Gregory Shaffer
Professor Gregory Shaffer is a Chancellor’s Professor of Law at the University of California, Irvine School of Law, and is one of the world’s leading authorities on international trade law and law and globalization. His publications include six books and over eighty articles and book chapters on international trade law, global governance, and globalization’s impact on domestic regulation. His work is cross-disciplinary, addressing such topics as public-private networks in international trade litigation; comparative institutional approaches to trade-social policy conflicts; and national regulation in global context. He previously was Melvin C. Steen Professor of Law at the University of Minnesota Law School, Wing-Tat Lee Chair at Loyola University Chicago School of Law, and Professor at the University of Wisconsin Law School, where he also directed two university research centers on world affairs and the global economy and the European Union. He received his B.A., magna cum laude, from Dartmouth College and his J.D., with distinction, from Stanford Law School. He practiced law in Paris for seven years for Coudert Frères and Bredin Prat, where he was a member of the Paris bar.
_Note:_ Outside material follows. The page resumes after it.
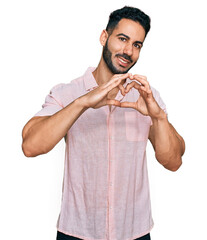 Hispanic man with beard wearing casual shirt smiling in love doing heart symbol shape with hands. romantic concept.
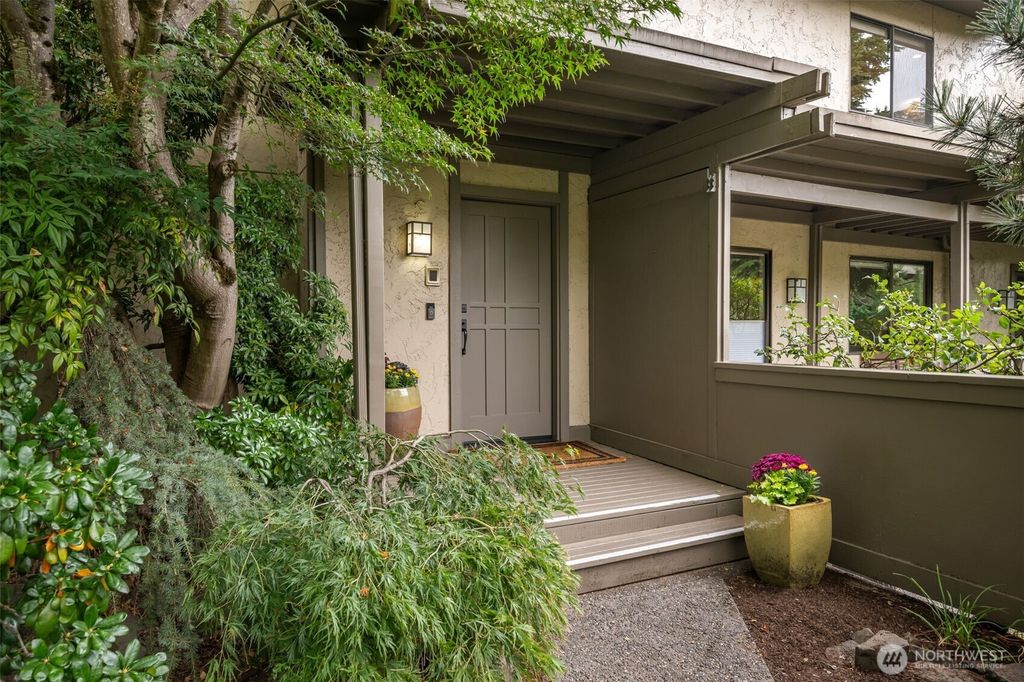 Photo of 6570 Park Point Way NE, Seattle, WA 98115 (MLS # 2433799)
Professor Shaffer is Vice President of the American Society of International Law (2014-2016), where he has also served as representative to the American Council of Learned Societies (2014-2016), Honorary Counsel, member of the Executive Council, member of the Executive Committee (2013-2014), and co-Chair of the ASIL’s International Economic Law Group (2010-2011).
Professor Shaffer is on the Board of Editors of the American Journal of International Law, and on the Founding Advisory Board of the journal of Transnational Environmental Law. He is also founding Board member of the Society of International Economic Law, Chair of the AALS Section on Economic Globalization and Governance (2014), and founding coordinator of the Law and Society Association Collaborative Research Network on Transnational and Global Legal Ordering.